Come ho letto il trafiletto di presentazione non ho resistito e ho subito chiamato quelli di è Cucina con la speranza ci fosse ancora posto: e così e stato! L’esperienza di due anni fa mi aveva lasciato una buona impressione e la voglia di mettermi nuovamente alla prova per imparare cose nuove era tanta, così un paio di venerdì fa ho frequentato il “Corso di Cucina Tradizionale Giapponese”.
Anche queste volta la presentazione lasciava prevedere una serata davvero intesa e ricca di soddisfazioni: «Un corso di cucina giapponese sotto la guida dello chef Tatsumoto per esplorare i piatti della tradizione, dalla Tempura alla minestra con tofu al Tori no Teriyaki (pollo in salsa teriyaki)», e devo confermare che ancora una volta le mie aspettative sono state ben ripagate.

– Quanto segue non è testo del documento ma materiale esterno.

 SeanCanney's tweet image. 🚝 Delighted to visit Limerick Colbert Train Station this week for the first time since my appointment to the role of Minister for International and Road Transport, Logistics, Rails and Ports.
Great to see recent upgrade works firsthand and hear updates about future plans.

Riassumo quindi di seguito i vari argomenti trattati durante l’esercitazione teorico-pratica durata circa 3 ore, dalle 19:30 fino alle 22:30 e un poco oltre.

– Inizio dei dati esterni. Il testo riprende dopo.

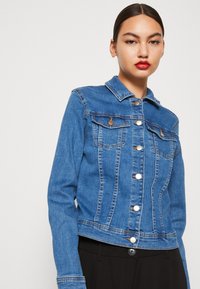 VILA VINEED LIA3 MBD -NOOS - Jeansjakke - medium blue denim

Prima di partire, però, è bene sapere che, come riportato anche su Wikipedia, la “cucina tradizionale” viene chiamata in lingua giapponese nihon-ryōri (日本料理) o washoku (和食) per identificare la cucina precedente al periodo Meiji, in contrapposizione alla cucina yōshoku (洋食 “cucina occidentale”) diffusasi nel Paese nipponico in seguito all’abolizione del periodo di sakoku (Paese Chiuso) conseguente alla Restaurazione Meiji. Ma il washoku è molto più di quello che si possa pensare: è una pratica sociale basata su un insieme di competenze, conoscenze pratiche e tradizioni legate alla produzione, trasformazione, preparazione e consumo del cibo, e ad essa è associata il principio fondamentale del rispetto e dell’uso sostenibile delle risorse naturali. E proprio per questo, accanto anche al valore riconosciuto della dieta tradizionale nipponica nel contribuire alla longevità e alla prevenzione dell’obesità, nel dicembre 2013 il washoku è stato inserito fra i Patrimoni Orali e Immateriali dell’Umanità dell’UNESCO.

Dopo questa breve e doverosa parentesi culturale, torniamo in cucina.

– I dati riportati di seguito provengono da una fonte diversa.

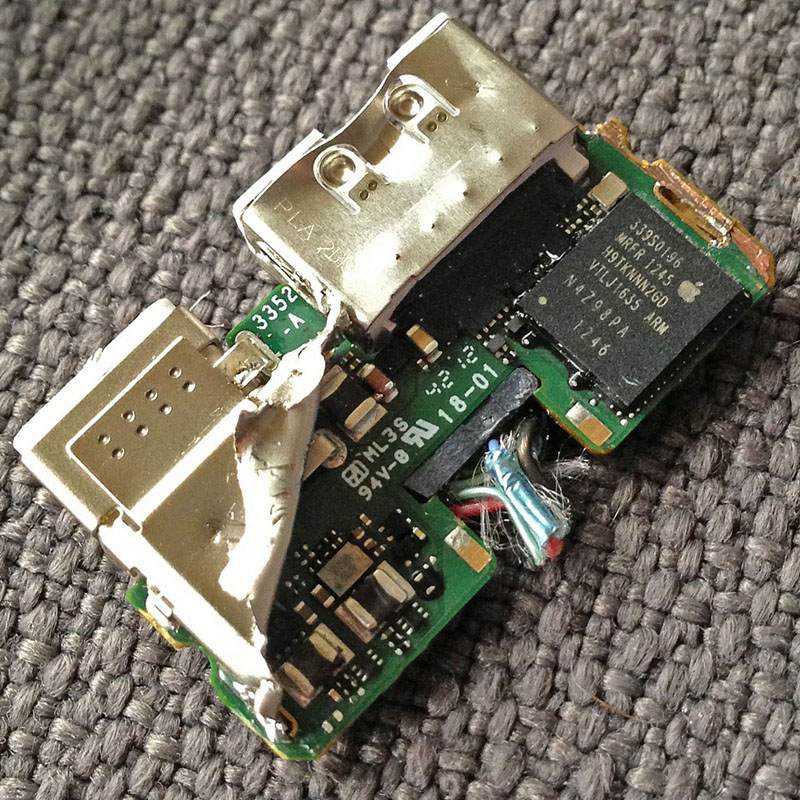 Lightning digital AV adapter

Arrivati il Maestro Tatsumoto Katsuya era già lì pronto ad accoglierci. A distanza di due anni non era cambiato per nulla, e se non fosse stato per la sua parlata in un italiano più fluente di quel che ricordassi, direi proprio che per lui il tempo si era fermato alla sera del nostro primo incontro. Ed ecco subito la prima sorpresa: una scodella di Udon (饂飩, scritto anche come うどん) preparata dal maestro, graditissima e perfetta entrée, sia per introdurre gli argomenti della serata, sia per mettere qualcosa in pancia, che in fondo non guasta mai. Tipici della cucina giapponese, gli udon sono una varietà di noodles preparati con farina integrale di grano, cotti in abbondante acqua non salata, scolati e lasciati freddare, prima di servirli in una tazza con brodo caldo, accompagnati con del cipollotto verde tagliato a rondelle fine: una vera delizia!

Primo argomento in scaletta è stato il Dashi (出汁, だし), leggero e limpido brodo di pesce, indispensabile nella cucina giapponese, usato come base di minestre e come ingrediente liquido di molte preparazioni dato il suo gusto “puro e intenso”. Dopo una breve introduzione durante la quale abbiamo avuto modo si divagare parlando anche di rāmen (ラーメン, 拉麺) e della sua differenza con gli udon, assieme al maestro abbiamo iniziato a preparare il primo brodo, Ichiban Dashi (一番出汁, いちばんだし). Qui il procedimento è lo stesso che si può trovare in tantissimi libri e siti internet, ma vale la pena riproporlo.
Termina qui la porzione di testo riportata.